A “lost struggle” for editorial independence
When Coşkun testified to the prosecutor days after the raid on Cumhuriyet’s offices on 31 October 2016, he was seen carrying an edition of Cumhuriyet which featured a report on Gülen on its front page. It also emerged that Coşkun had written an anonymous letter to the president’s office. In the letter, Coşkun accused his successor of having “organic ties” with both the Gülen organisation and the pro-Kurdish HDP. His allegations echoed Balbay’s statement after he had stopped writing for Cumhuriyet a few months before. “Everything from being [pro-Gülen] to pro-Kurdish is allowed at Cumhuriyet,” Balbay tweeted.
Both Coşkun and Balbay were witnesses for the prosecution, causing a huge uproar in the court. During Coşkun’s court statements when he deplored the presence of Turhan Günay, Cumhuriyet’s literary editor who had spent nine months in prison despite his later acquittal. “Why is Günay even here in this trial?” Coşkun asked. Günay’s voice interrupted his statement: “Thanks to you, sir.”
If Coşkun’s role has rubbed salt in the defendants’ wounds during the case, Cinmen argues that the government was determined to silence Cumhuriyet no matter what. “The decision had been made,” he says. “Coşkun and his letter were merely instrumentalised.”
Academic Ceren Sözeri, one of Turkey’s most prominent media experts, also emphasises that the newspaper won’t adopt a pro-government policy just because Coşkun was re-elected as chairman.

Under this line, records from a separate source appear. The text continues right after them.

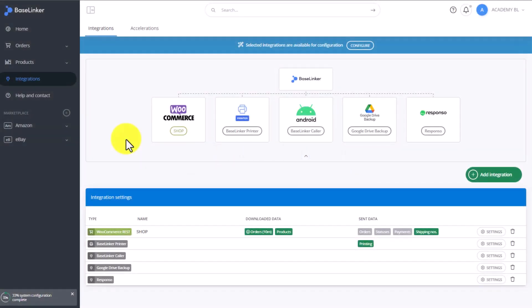The BaseLinker Connect integration allows for communication between two BaseLinker accounts. You can pass on products from one BaseLinker storage to another, as well as orders or even a shipment number. This integration is used by wholesalers, as some of them have their own BaseLinker accounts and allow you to connect with them through the BaseLinker Connect integration.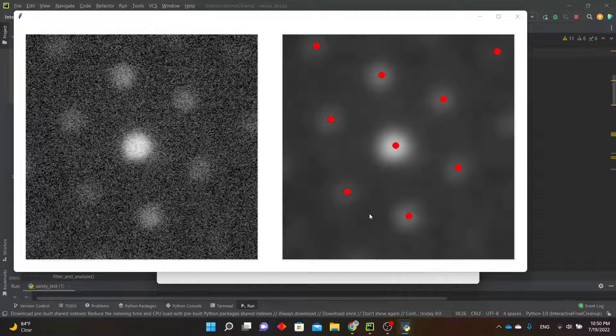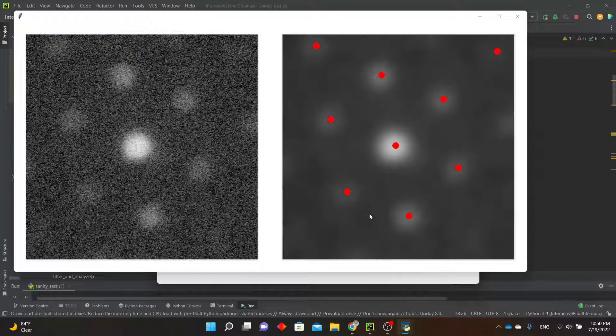The code for filtering and diffraction spot recognition are identical to those in the main PED strain mapping program, so you can use the Sanity Check to make sure that your file is processed correctly when you pass it through the main program.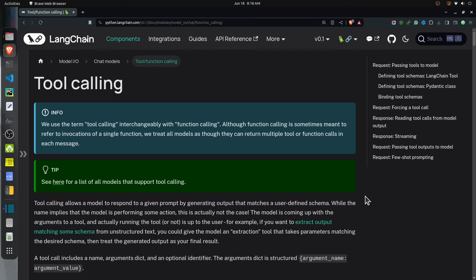In this video I will explain how to use function calling with open source LLMs. Function calling is a feature of LLMs where you can describe functions to the LLM and have it intelligently return the function to call for a particular task, along with the necessary arguments. For example, let's say you have declared a function to retrieve the latest close price of a stock and want the LLM to use it to retrieve the latest price data.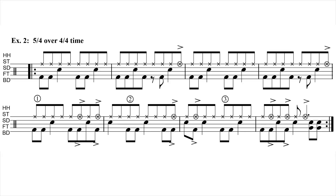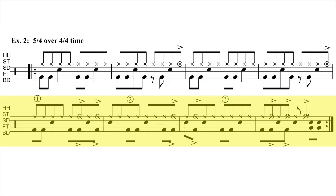In the second exercise, we're superimposing 5/4 time over 4 bars of 4/4 time. Because there's a total of 16 beats in 4 bars of 4/4 time, that means we can only fit 3 bars of 5/4 time into our 4-bar phrase, with 1 beat left over that we'll have to fill to complete the 4-bar 4/4 time phrase.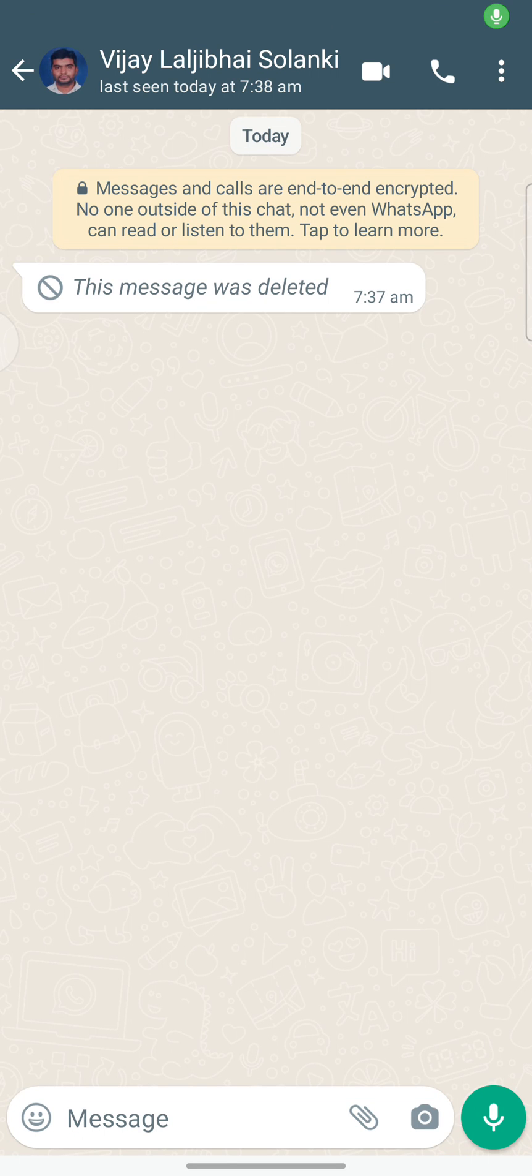Hello everyone, welcome back to something of everything. Myself Vijay Swalanki and today we have got an interesting topic to discuss.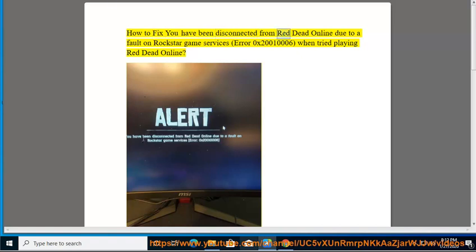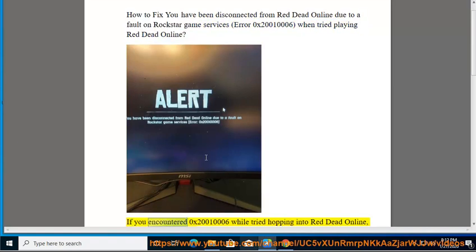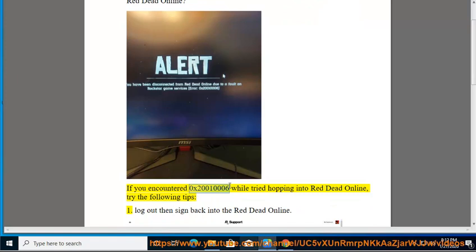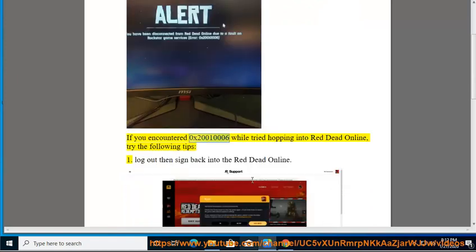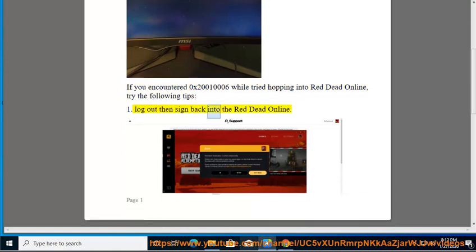How To Fix 'You Have Been Disconnected From Red Dead Online Due To A Fault On Rockstar Game Services' Error 0x20010006. If you encountered error 0x20010006 while trying to hop into Red Dead Online, try the following tips. Tip 1: Log out, then sign back into Red Dead Online.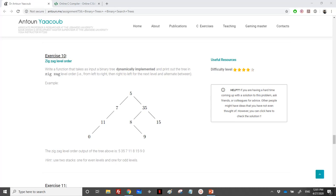Hi again. So we will solve now exercise 10, which is about zigzag level order. We need to write a function that takes as input a tree, a dynamically implemented tree with pointers, and we need to print the tree in zigzag: from left to right, and then from right to left. So here's an example. We have this tree.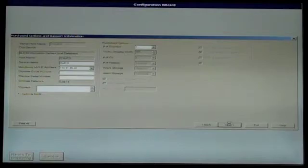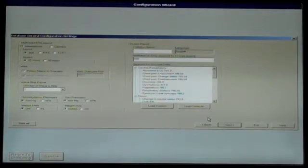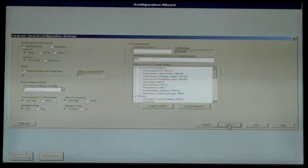The next screen is the Database General Configuration Settings screen, which is for a network system, which we will not be covering in this guide. Skip it by clicking Next.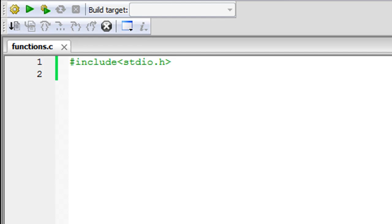Hello guys, welcome to my channel. This is the 43rd tutorial in this course, and in this tutorial we are going to talk about functions. We're going to understand what functions are, how we can declare them, define them, and use them in our C programs.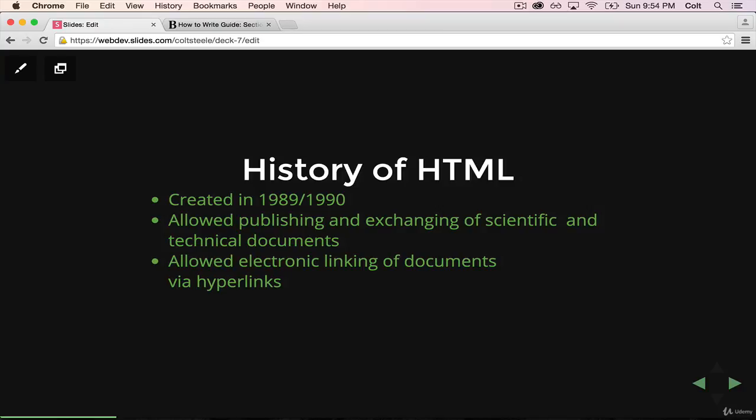Back in the academic community in the year 1989, early 1990, there's not exactly a hard start date to HTML, but in that time, people were exchanging papers, giant thesis papers, scientific documents, technical documents, and they all have very specific formatting. But when they're being exchanged, there was no way to actually send that formatting across the internet.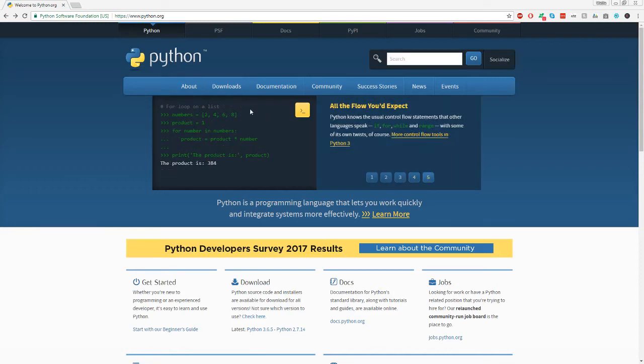Hey guys, I'm just going to teach you how to install Python 3.6.5 real quick. For all those that don't know, I've been getting a lot of questions about it.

Yet the new board may also have to pay its dues to the government, Sözeri warns. “If the operation against Cumhuriyet is usually thought as two separate trials (the management case and the criminal case), it was essentially a struggle for editorial independence. I believe that this struggle was lost.”
Güven believes that the change in management was the result of direct government intervention. If there is one subject the old board and the government agreed on, Güven argues, it was the Kurdish issue. A shift of the newspaper’s tone on the Kurdish issue was to become decisive. “Though there are still opposition writers in Cumhuriyet, the newspaper is now more acceptable in the government’s eyes.”
After taking over the newspaper, the new board solemnly announced in a front-page editorial that Atatürk and his principles “had returned to the newspaper”. “Harsh accusations against the previous editorial policy and statements in the form of martial law declarations show that [the board’s] concerns go beyond merely reporting,” says Sözeri. She stresses that the way the newspaper changed hands played a “decisive role” for those journalists and writers who resigned. “It is very hard, even impossible doing real journalism on government’s terms,” she says.
In a country where shifts in the editorial policies of newspapers are only considered natural after changes in management, Sözeri warns that the handover in Cumhuriyet could be a tragic turning point. “Protecting editorial independence is key to preventing such shifts,” she says. “This is only possible through association and solidarity.”
Without that solidarity, an important press freedom case degenerated into one in which both journalists’ freedom and the very future of their newspaper were at stake.